Records provided

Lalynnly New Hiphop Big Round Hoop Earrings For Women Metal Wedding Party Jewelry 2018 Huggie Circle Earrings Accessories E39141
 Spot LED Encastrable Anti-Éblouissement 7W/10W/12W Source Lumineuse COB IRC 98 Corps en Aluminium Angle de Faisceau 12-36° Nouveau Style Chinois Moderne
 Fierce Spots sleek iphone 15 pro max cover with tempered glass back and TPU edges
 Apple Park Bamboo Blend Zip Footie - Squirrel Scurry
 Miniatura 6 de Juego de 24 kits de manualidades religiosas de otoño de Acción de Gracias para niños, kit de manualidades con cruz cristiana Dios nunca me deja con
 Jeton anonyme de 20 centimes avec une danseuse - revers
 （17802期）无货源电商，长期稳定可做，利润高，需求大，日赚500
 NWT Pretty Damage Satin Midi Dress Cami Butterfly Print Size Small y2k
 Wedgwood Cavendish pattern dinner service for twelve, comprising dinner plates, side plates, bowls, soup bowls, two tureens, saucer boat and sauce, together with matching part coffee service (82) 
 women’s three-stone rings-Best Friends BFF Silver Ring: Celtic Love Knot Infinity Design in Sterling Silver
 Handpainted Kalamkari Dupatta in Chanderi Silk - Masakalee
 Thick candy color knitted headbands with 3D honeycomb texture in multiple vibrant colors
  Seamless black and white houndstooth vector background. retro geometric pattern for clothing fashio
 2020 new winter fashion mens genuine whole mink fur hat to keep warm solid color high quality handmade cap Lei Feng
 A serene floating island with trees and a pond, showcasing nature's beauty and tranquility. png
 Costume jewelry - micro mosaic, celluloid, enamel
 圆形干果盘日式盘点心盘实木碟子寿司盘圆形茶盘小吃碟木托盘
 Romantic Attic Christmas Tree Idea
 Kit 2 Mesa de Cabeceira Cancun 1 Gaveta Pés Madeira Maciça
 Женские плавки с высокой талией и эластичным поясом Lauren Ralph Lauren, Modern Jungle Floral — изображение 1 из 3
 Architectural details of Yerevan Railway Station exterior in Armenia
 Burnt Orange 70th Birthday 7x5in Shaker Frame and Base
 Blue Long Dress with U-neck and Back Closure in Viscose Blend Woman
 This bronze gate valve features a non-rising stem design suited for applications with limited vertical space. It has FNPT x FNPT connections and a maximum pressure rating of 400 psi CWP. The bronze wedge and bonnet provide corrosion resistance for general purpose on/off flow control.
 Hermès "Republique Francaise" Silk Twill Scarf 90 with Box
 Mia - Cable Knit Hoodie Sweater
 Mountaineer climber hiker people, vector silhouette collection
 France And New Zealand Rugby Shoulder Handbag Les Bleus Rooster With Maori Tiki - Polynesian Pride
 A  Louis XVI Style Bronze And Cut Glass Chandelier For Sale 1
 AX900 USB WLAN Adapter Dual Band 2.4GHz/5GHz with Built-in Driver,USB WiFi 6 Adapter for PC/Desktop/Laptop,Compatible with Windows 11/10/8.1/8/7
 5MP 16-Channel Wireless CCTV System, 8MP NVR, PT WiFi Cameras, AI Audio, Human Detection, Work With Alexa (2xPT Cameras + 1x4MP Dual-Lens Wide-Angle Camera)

Exercise
From the first line of the listing above to the line that contains "Wedgwood Cavendish pattern", inclusive, restate every line word for word. Nothing else belongs in the answer.

Exercise result
Lalynnly New Hiphop Big Round Hoop Earrings For Women Metal Wedding Party Jewelry 2018 Huggie Circle Earrings Accessories E39141
 Spot LED Encastrable Anti-Éblouissement 7W/10W/12W Source Lumineuse COB IRC 98 Corps en Aluminium Angle de Faisceau 12-36° Nouveau Style Chinois Moderne
 Fierce Spots sleek iphone 15 pro max cover with tempered glass back and TPU edges
 Apple Park Bamboo Blend Zip Footie - Squirrel Scurry
 Miniatura 6 de Juego de 24 kits de manualidades religiosas de otoño de Acción de Gracias para niños, kit de manualidades con cruz cristiana Dios nunca me deja con
 Jeton anonyme de 20 centimes avec une danseuse - revers
 （17802期）无货源电商，长期稳定可做，利润高，需求大，日赚500
 NWT Pretty Damage Satin Midi Dress Cami Butterfly Print Size Small y2k
 Wedgwood Cavendish pattern dinner service for twelve, comprising dinner plates, side plates, bowls, soup bowls, two tureens, saucer boat and sauce, together with matching part coffee service (82) 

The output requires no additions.